We were talking one day and he said he was spending about $500 per day...PER DAY to keep the generator going to the pumps on his irrigation system and still, the hay wasn't growing. He got one "okay" cutting of his grass hay about July and got a really dinky second cutting about a month ago. Don't get me wrong, it's still good hay, there just wasn't much of it. He managed about 65 bales on a spread that normally produces 200+ (big squares).
     
    10-23-2011, 01:13 PM
  #30
dee
Started
I hear you - we got some rain this month, but it's been so dang hot that nothing is growing - it's all gone dormant. We thought it might grow enough to get a skimpy cutting with the rain and the cooler weather we are having now, but nope.

We did plant some winter rye in our pasture - it's been nothing but bare ground from where we cut out a bunch of trees and brush, trying to clear all that crap out. We timed it right, and the rye is coming up beautifully. Sadly, there is not nearly enough yet for the horses.

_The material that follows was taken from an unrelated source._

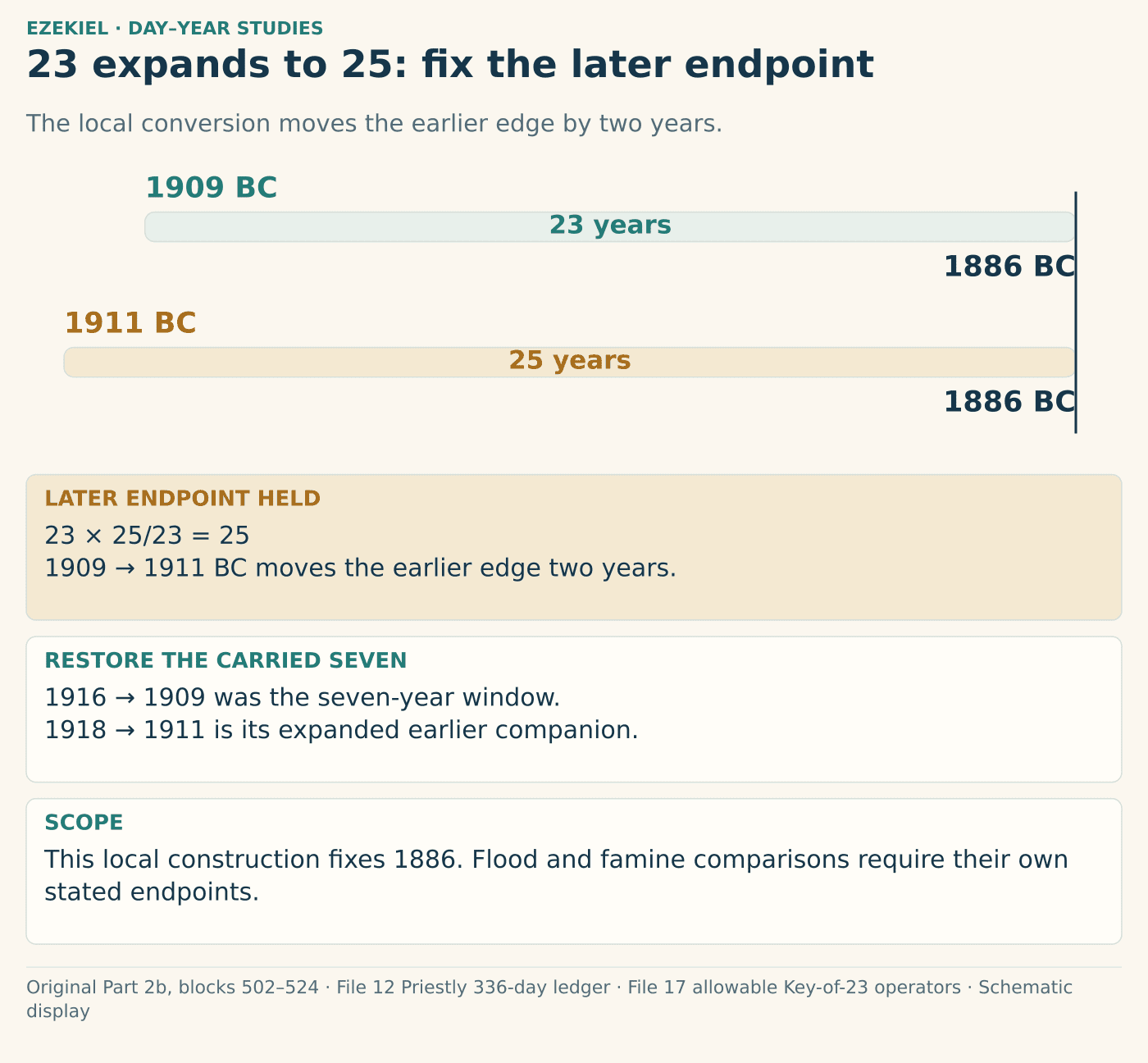 Two proportional bars share a fixed 1886 BC right endpoint. The first begins at 1909 BC and is 23 years; the second begins at 1911 BC and is 25 years. The earlier boundary moves two years. The carried seven-year first edge changes from 1916 to 1918 BC.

We did turn them out yesterday for an hour or so - didn't want them out any longer than that because they aren't used to green grass - they've had to be on hay all summer. They munched on the rye for a few minutes, but then disappeard to the other side of the pond (we haven't seeded over there.) Went to see what the big attraction was - and found bermuda grass! It's growing in some of the areas that we cleared - it must have been dormant there for years. There isn't a lot of it, but there are a lot of tiny patches all over the place.

I think we are going to try a little fertilizer where the bermuda grass is and see if it will spread more. I'm so excited!